_Task prompt_: Only a slice of the listing below is wanted. Retype the lines from the one containing "ASICS GEL SOLUTION SPEED FF ROJO NEGRO" through the one containing "TOXIK3 - Pantalon", exactly, both ends included.

##########

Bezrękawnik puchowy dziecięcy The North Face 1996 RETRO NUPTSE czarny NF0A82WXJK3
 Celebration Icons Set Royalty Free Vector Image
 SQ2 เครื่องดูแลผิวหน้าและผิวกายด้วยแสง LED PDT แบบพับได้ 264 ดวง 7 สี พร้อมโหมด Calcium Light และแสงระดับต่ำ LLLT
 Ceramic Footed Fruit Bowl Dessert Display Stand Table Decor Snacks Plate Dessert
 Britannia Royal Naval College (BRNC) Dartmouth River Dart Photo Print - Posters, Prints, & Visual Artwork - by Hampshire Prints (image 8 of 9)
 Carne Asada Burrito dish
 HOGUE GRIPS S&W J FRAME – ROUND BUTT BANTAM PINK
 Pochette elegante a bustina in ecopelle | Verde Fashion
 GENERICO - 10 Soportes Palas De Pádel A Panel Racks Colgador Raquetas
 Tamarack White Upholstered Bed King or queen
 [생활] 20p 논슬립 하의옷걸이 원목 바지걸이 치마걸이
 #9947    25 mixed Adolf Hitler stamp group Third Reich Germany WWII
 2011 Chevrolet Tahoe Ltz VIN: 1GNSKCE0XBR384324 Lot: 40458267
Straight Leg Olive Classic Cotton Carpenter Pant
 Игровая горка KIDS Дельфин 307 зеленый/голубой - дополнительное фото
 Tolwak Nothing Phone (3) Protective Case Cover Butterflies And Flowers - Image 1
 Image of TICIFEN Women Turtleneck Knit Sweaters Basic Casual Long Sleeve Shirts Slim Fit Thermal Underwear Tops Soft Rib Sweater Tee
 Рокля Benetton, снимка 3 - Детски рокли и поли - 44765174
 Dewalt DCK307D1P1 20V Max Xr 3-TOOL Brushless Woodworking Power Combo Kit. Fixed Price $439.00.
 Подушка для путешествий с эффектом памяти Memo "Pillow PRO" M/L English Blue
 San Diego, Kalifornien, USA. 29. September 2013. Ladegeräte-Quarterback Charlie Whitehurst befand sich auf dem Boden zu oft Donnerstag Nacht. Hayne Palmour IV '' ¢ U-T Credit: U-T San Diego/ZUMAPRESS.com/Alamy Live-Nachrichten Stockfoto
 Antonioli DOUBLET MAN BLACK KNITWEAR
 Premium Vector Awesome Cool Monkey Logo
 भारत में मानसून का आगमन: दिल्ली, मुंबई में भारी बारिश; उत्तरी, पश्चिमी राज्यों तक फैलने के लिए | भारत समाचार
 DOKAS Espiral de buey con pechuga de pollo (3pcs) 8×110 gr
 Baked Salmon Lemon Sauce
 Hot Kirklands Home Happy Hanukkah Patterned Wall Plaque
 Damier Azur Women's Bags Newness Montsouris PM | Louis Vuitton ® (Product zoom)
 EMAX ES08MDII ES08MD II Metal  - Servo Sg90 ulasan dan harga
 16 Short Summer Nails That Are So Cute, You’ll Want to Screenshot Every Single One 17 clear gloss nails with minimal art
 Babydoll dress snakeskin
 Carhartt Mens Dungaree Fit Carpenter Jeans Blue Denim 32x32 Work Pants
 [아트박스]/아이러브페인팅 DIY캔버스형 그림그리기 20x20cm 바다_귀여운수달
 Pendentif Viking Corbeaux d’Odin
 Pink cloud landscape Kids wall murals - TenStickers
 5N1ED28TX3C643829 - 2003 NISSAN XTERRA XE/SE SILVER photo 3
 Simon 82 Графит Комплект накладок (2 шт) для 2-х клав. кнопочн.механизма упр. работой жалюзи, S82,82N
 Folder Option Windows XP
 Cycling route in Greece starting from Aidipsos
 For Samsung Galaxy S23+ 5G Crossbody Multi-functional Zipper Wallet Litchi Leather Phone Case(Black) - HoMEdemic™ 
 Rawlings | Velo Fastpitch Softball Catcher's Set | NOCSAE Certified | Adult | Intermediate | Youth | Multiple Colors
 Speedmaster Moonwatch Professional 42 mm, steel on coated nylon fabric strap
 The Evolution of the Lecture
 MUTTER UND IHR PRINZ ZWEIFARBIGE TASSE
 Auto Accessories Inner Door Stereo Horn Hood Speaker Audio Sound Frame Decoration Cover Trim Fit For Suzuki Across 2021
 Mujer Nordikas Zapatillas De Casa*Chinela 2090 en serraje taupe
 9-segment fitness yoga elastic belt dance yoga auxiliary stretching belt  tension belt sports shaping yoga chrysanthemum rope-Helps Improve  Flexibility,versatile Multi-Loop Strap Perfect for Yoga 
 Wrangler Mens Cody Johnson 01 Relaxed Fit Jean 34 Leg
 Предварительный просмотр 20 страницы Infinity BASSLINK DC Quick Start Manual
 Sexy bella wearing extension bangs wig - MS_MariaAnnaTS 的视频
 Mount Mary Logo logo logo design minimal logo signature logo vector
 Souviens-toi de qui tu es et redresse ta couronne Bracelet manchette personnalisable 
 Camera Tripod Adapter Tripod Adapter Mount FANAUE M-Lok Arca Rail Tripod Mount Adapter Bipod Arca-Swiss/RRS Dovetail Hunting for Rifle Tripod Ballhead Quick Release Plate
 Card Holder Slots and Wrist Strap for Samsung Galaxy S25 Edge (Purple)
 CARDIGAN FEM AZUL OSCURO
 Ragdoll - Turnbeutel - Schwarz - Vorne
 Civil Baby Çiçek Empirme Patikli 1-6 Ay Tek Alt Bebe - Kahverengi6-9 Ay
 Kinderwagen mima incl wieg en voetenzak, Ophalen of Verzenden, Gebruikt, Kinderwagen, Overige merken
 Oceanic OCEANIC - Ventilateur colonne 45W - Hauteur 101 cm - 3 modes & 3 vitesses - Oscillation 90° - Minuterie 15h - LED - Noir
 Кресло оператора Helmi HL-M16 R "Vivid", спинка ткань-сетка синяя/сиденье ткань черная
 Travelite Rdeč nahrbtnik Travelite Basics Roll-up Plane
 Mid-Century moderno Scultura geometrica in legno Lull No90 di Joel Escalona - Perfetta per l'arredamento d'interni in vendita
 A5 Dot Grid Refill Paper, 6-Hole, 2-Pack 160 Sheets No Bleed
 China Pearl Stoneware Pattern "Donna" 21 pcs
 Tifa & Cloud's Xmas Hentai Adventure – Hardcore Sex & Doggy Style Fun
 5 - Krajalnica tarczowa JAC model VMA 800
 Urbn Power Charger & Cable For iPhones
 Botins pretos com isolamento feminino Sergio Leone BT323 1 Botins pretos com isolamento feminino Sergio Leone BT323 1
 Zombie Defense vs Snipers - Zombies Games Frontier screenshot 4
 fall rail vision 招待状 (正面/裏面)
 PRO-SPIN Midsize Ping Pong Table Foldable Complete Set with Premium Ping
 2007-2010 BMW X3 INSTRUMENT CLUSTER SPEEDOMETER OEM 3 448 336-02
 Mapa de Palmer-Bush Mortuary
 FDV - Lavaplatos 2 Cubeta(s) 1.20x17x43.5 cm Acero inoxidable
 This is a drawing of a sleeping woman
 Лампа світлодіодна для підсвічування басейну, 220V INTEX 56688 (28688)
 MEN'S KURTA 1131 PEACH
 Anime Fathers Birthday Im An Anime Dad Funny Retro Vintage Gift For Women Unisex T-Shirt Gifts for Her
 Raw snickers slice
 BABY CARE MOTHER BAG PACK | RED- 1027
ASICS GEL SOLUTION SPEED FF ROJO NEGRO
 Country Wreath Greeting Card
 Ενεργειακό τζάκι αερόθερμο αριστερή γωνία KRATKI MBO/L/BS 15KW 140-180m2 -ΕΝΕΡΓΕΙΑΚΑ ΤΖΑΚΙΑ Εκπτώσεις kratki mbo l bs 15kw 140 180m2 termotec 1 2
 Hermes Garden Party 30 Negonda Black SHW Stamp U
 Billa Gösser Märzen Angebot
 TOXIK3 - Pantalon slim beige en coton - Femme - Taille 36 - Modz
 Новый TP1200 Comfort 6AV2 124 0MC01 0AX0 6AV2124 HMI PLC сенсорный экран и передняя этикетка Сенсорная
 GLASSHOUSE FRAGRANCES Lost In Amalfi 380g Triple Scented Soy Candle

##########

_Result for this exercise_:
ASICS GEL SOLUTION SPEED FF ROJO NEGRO
 Country Wreath Greeting Card
 Ενεργειακό τζάκι αερόθερμο αριστερή γωνία KRATKI MBO/L/BS 15KW 140-180m2 -ΕΝΕΡΓΕΙΑΚΑ ΤΖΑΚΙΑ Εκπτώσεις kratki mbo l bs 15kw 140 180m2 termotec 1 2
 Hermes Garden Party 30 Negonda Black SHW Stamp U
 Billa Gösser Märzen Angebot
 TOXIK3 - Pantalon slim beige en coton - Femme - Taille 36 - Modz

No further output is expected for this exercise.